Captioned web images:
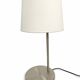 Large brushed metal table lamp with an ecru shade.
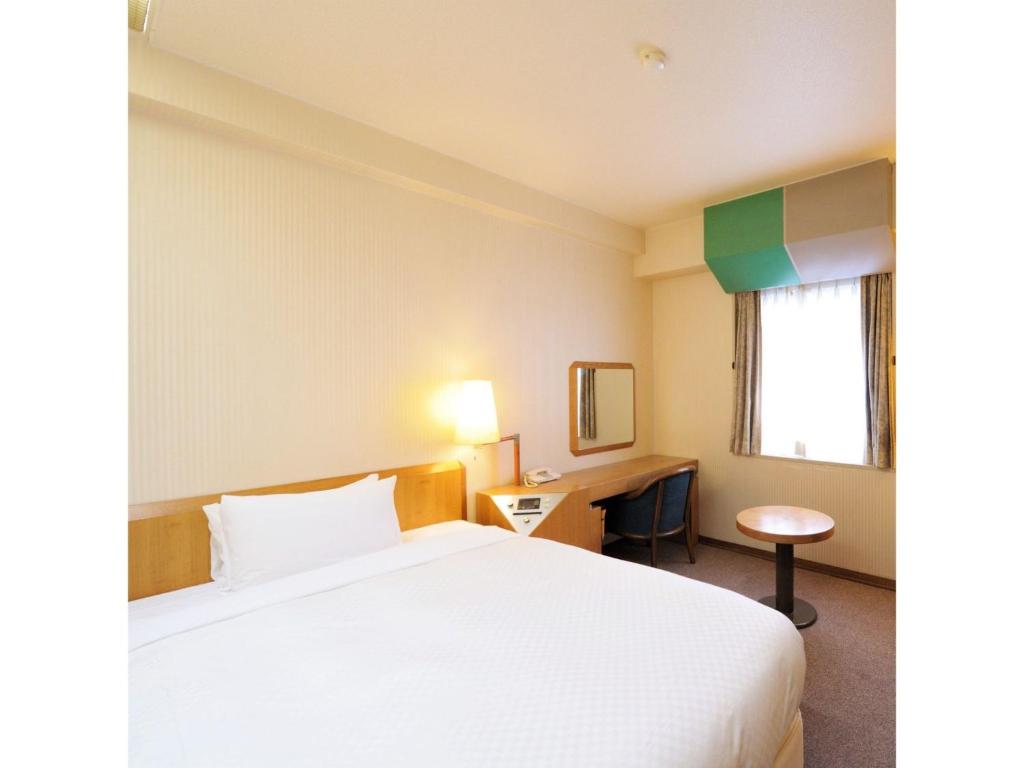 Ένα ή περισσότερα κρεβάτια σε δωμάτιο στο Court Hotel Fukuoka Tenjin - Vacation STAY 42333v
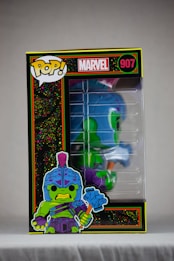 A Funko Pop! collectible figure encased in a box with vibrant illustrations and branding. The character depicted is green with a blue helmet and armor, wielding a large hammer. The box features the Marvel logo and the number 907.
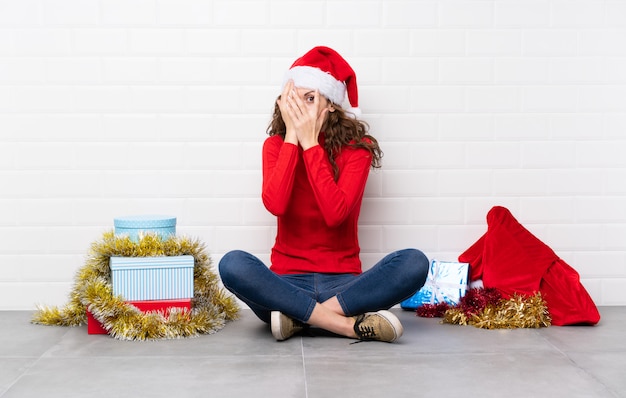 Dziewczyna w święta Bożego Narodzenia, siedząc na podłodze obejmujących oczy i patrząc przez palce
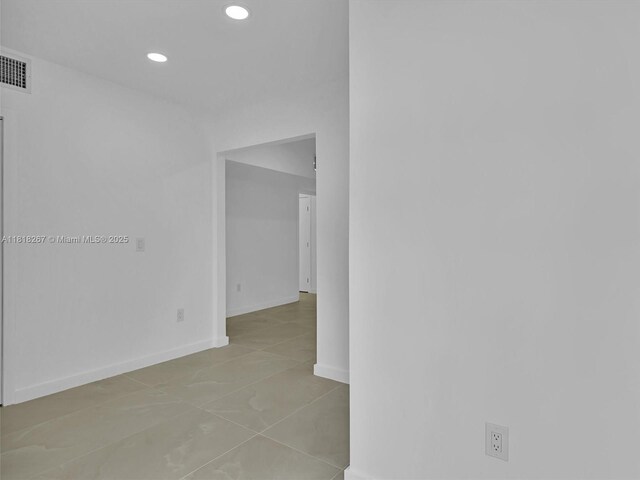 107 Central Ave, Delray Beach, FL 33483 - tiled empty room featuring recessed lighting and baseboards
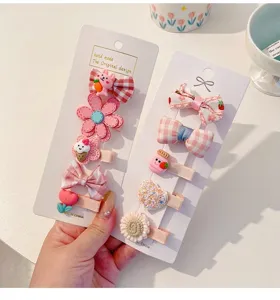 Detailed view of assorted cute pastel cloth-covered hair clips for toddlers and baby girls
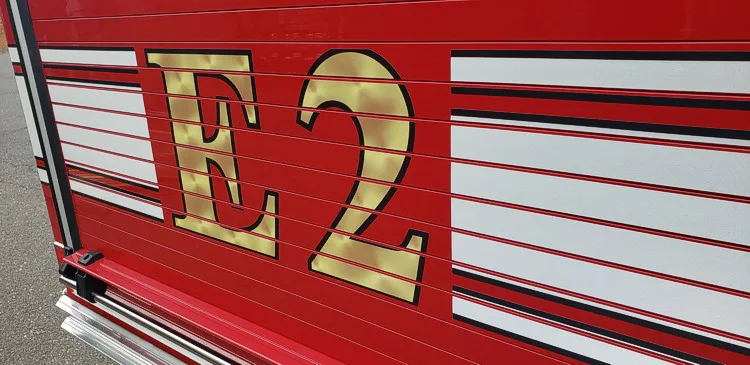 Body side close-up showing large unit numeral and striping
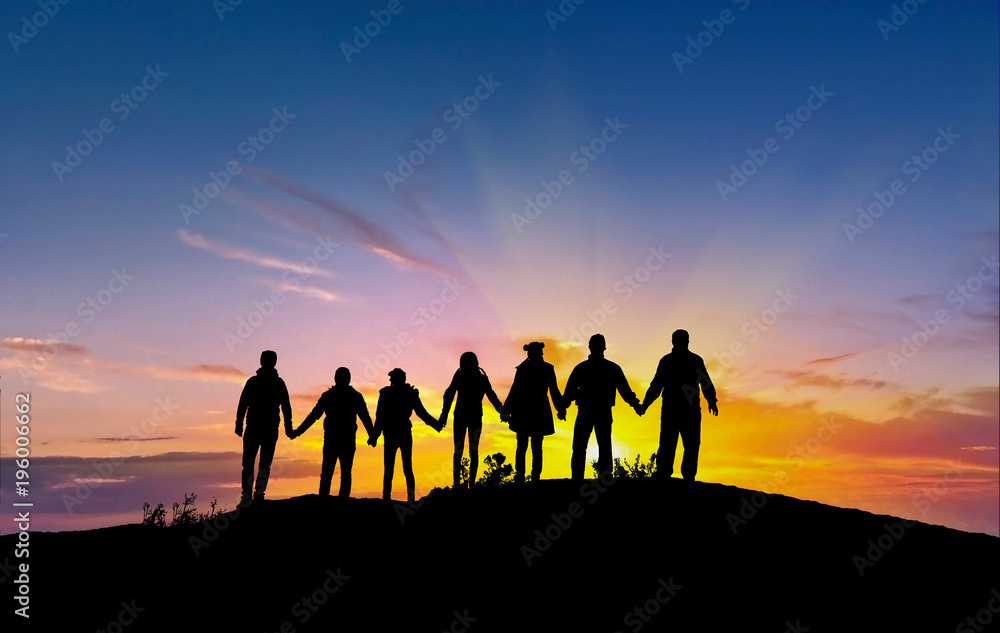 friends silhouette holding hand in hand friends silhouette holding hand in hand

▶ Work order
Take only the lines above from the one that has "Ένα ή περισσότερα" through the one that has "Detailed view of" and reproduce them exactly, omitting any pictures.

▶ Answer to this exercise
 Ένα ή περισσότερα κρεβάτια σε δωμάτιο στο Court Hotel Fukuoka Tenjin - Vacation STAY 42333v
 A Funko Pop! collectible figure encased in a box with vibrant illustrations and branding. The character depicted is green with a blue helmet and armor, wielding a large hammer. The box features the Marvel logo and the number 907.
 Dziewczyna w święta Bożego Narodzenia, siedząc na podłodze obejmujących oczy i patrząc przez palce
 107 Central Ave, Delray Beach, FL 33483 - tiled empty room featuring recessed lighting and baseboards
 Detailed view of assorted cute pastel cloth-covered hair clips for toddlers and baby girls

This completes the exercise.